Border Beginnings

In an editorial ("The Geopolitics of Signs", The Semiotic Review of Books Vol. 2.3 September 1991) Milena Doleželová-Velingerová opens with the following observation:

Every culture, in order to become a culturally distinctive entity, must start by staking out the frontier of its semiotic space. The boundary may separate the dead and the living; the town and countryside; French culture and Russian culture. It could be a river, a gesture, a script, a concept of time and space, or a natural language. No matter how diverse the culture, the boundary has nevertheless one and the same function: to divide the world between "our" space, where communication is possible, and the space of the "others", where communication is not accessible.
She goes on in the editorial to summarize the work of Yuri Lotman on semiospheres and cross-border hotspots.

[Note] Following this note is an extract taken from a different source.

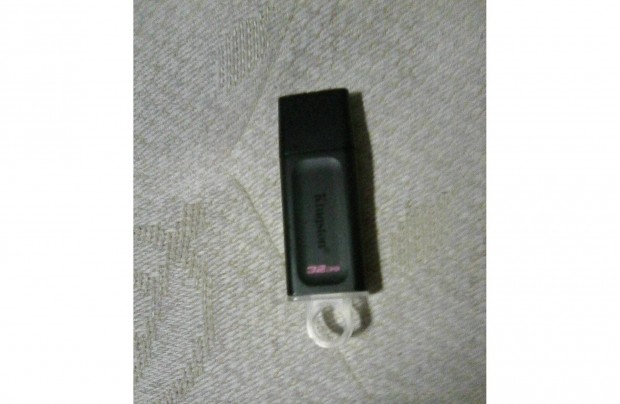 Kingston 32Gb-os USB 3.2 pendrive jonnan elad. Postzom is!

She quotes:
The boundary is a mechanism for translating texts of an alien semiotics into "our" language, it is the place where what is "external" is transformed into what is "internal". It is a filtrating membrane which so transforms foreign texts that they become part of the semiosphere's internal semiotics while still retaining their own characteristics. (Lotman, 1990 [Universe of Mind: A Semiotic Theory of Culture translated by Ann Shukman]
I like how she set this up. It is obvious the borders exist not by words alone but other signs as well. As we read it is good to keep this area (of non-words but signs) in mind as the texts discussed by Yori Lotman are secondary modelling systems — a reminder that the membrane to the alien may traversed within a semiosphere hence all the scare quotes around external and internal.